Vulnerability assessments (VAs) and penetration tests (often shortened to “pentests”) are effective techniques for identifying and eliminating risks in a software system. In IT security, a vulnerability is a loophole or weak link in a software system. A penetration test is a planned attack on a software system that simulates the approaches used by real attackers, while a vulnerability assessment is the use of automated scanners to locate loopholes in design, implementation and other facets of a system that could jeopardize the security of sensitive information.
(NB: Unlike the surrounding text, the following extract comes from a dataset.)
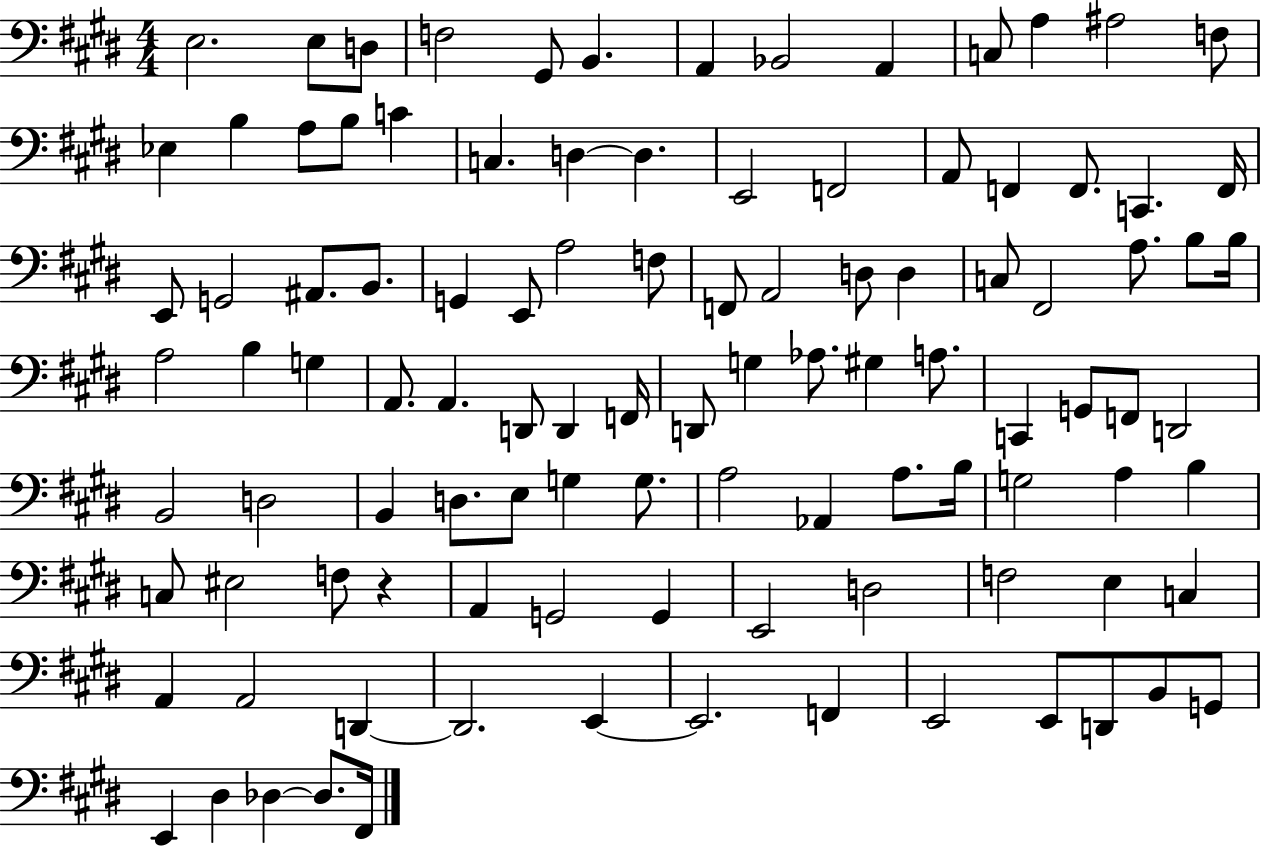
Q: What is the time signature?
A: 4/4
To get the most out of pentests and VAs, you need to establish your goals. Goal setting, the first stage of the process, is your opportunity to define what you want to achieve before you begin working. For example, you may decide to run a penetration test against a new or updated application before rolling it out to all your systems. This way, you can ensure that the application will not open your network to attacks.
In contrast, the automated nature of vulnerability assessments makes it better-suited to regular, proactive use. You can use the results of these assessments to minimize the surface area exposed to attacks, reducing the potential damage from a successful attack at the same time.
To set appropriate goals, you need to gather data about the assets to be tested and their associated risk levels. These assets may include endpoint devices, servers, firewalls or even entire networks. Broadly, you want to determine which assets have the highest risk of being affected by an attack.
Additional risk factors to consider include open ports, active services and the users who have access to any given asset. Minimizing these risk factors reduces the options available to would-be attackers.
Performing the Test
The next step is to perform the test of your choice. Typically, a penetration test is a manual approach, while vulnerability assessments rely more heavily on automated tools. In penetration tests, a security specialist uses a variety of software to identify loopholes in logic, libraries and functions that make an attack possible. In a vulnerability assessment, an automated tool passes various inputs to the application or system being tested. It records the responses it receives to check for vulnerabilities that could be exploited, leading to arbitrary code execution or another security event.
In any case, those performing the test should be aware of any business-related compliance requirements and determine the best time and date to perform the test.
To conclude the test, the tester must reverse any changes made during a simulated attack, returning the network to its original state. The importance of the assets being tested and the findings from the tests performed can form a basis for developing and implementing risk mitigation techniques. The result is a network that is more difficult to attack.